Source: Trading Economics
Another similar success story that gained even more attention in Western media was Estonia. It was equally struck by the crisis as Latvia, with and equally impressive pre-crisis growth funded on a large CA deficit. Once the crisis hit, things went down pretty bad - rapid fall in output, massive rise in unemployment (almost similar to Latvia - from 4% to 20.1%), stock market slump, capital flights, etc. And the response - austerity - all the way! They started with the labour market; slashing public sector wages, raising the retirement age, reducing job protection - all painful reforms which led to more job losses initially, but in the end all necessary to address the competitiveness issue. The second step was on businesses. Reducing and simplifying taxes, removing regulatory burdens, creating a favorable business environment - these are the sort of things that will attract foreign investors, not ECB cash. Innovation, start-ups and technology were at the center of their recovery. In the end, Estonia even joined the euro on 1st Jan 2011 - so, again, no external devaluation, no easy short-term solution, but rather internal devaluation, painful in the short run, but much better in the long run. And for those saying that in the long run we're all dead - well, Estonia has already reached it's long run, and is quite enjoying it. 

Critics say that this was too drastic. But isn't the 5 year torture of peripheral Eurozone drastic as well? Which is more moral in these cases? To suffer for two years like Latvia, Estonia or Iceland or to suffer for 5 years without any positive sign on the horizon for the upcoming 5 years either? 

Finally, in comparing the cases of both Latvia and Estonia with Iceland or Argentina, one can once again see that currency depreciation isn't always the solution. And from the looks of it, Estonia and Latvia picked a much better path to recovery - no one ever said it would be easy, but it sure doesn't have to last long. Europe, take note. 

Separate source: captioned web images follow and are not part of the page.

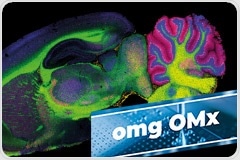 Dive into the future of spatial biology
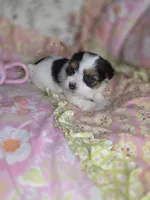 Channel , a female Yorkshire Terrier for sale in Imperial Beach, CA – 1 of 5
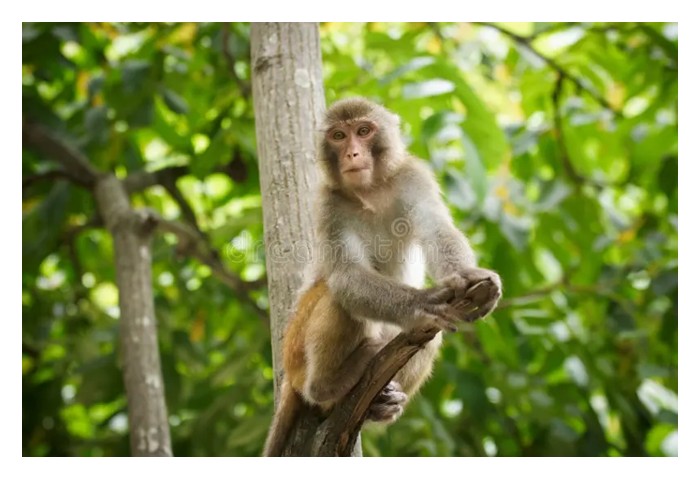 Read more about the article 泰国榴莲农友利用猴子上树“修枝”，把无用细小枝条用手清除，那灵活快捷身手背后，是否有虐待动物之嫌，还是巧妙善用动物?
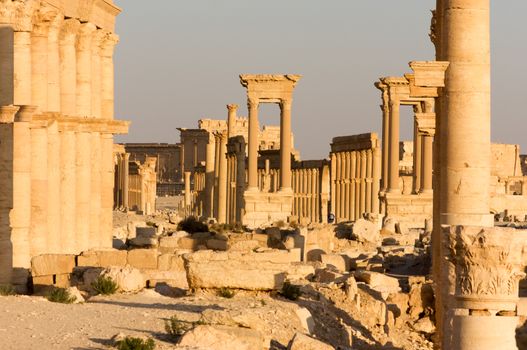 Palmyre Syria 2009 This ancient site has many Roman ruins, these standing columns shot in late afternoon sun tetrapylons . High quality photo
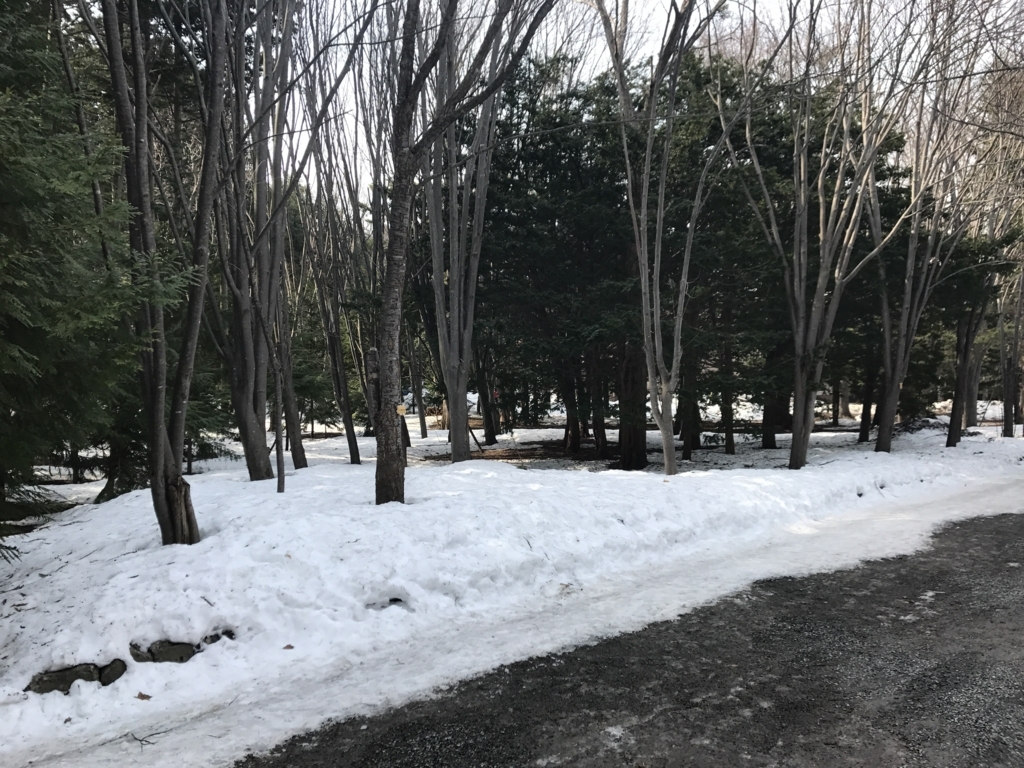 f:id:evenscho:20180430200438j:plain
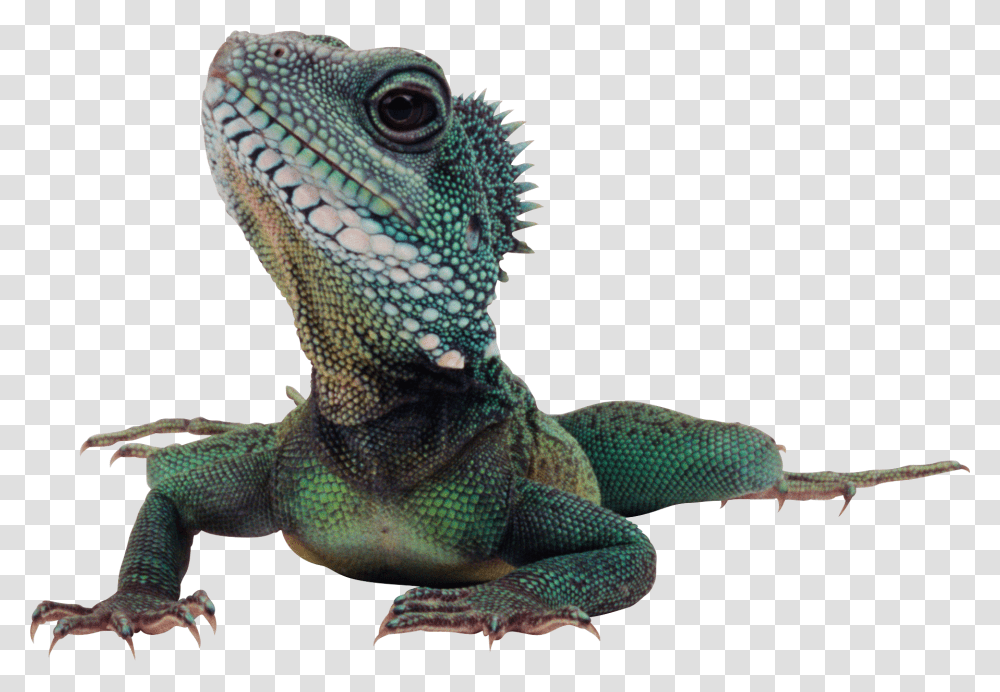 Lizard, Animals, Iguana, Reptile, Green Lizard Transparent Png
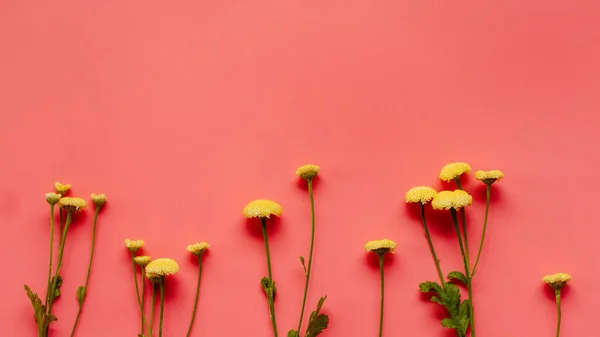 Inyección Aérea Flores Amarillas Sobre Fondo Rosa Brillante — Foto de Stock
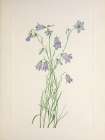 North American Wild Flowers 1925 - Harebell Art Print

  1. That's a good story of how Latvia and Estonia withheld the pressure, but there is a different side to it.
    Their people seem to be more resilient to painful adjustments, as they already experienced one in their lifetime, some 20 years ago when they transitioned from communism.

    It does amount to, in the end, how the people will take it. As Blanchard said, the pro-austerity parties did better in the polls.
    People realized something was needed to be done, and instead or resisting change, they embraced it.

    I think this can explain a whole deal why the rest of Europe lags in their recovery.

    1. It can explain to some extent, but the reason why people are becoming less and less ready to embrace more real austerity measures is that this status quo situation is going on for 5 years now.

      Nothing is changing and it seems to be getting worse on a daily basis. Naturally levels of confidence in politicians are at historical lows, but the politicians have only themselves to blame. How can anyone come to the Greeks, Italians or Spaniards and tell them there's 5 more years of the same or even worse ahead? No one has the courage to say it, but it's true. Unfortunately. And this makes people feel injustice and betrayal even more, even though the real reforms haven't even kicked in yet.

  2. There's a side to Estonia's succes that is almost never mentioned by the proponents of austerity. Part of Estonia's response to the crisis was to start using a lot more European Union structural funds. According the Estonian Ministry of Finance EU funds amount to nearly 20% (or 1 111.3 mln Euro) of the total government budget in 2011. In 2008, when the crisis first struck Estonia, EU funds represented 9% (or 475 mln Euro) of the budget. (Brief overview of the State Budget for 2010, 2011)

    According to the IMF in 2011 Estonia received 'grants' worth 7,7% of GDP versus 2,9% in 2008 and 2,1% in 2004, the year of Estonia's accession to the EU. (p.31)

    See also:

    I am not saying that this is the single thing that pulled Estonia out of recession but it certainly did help.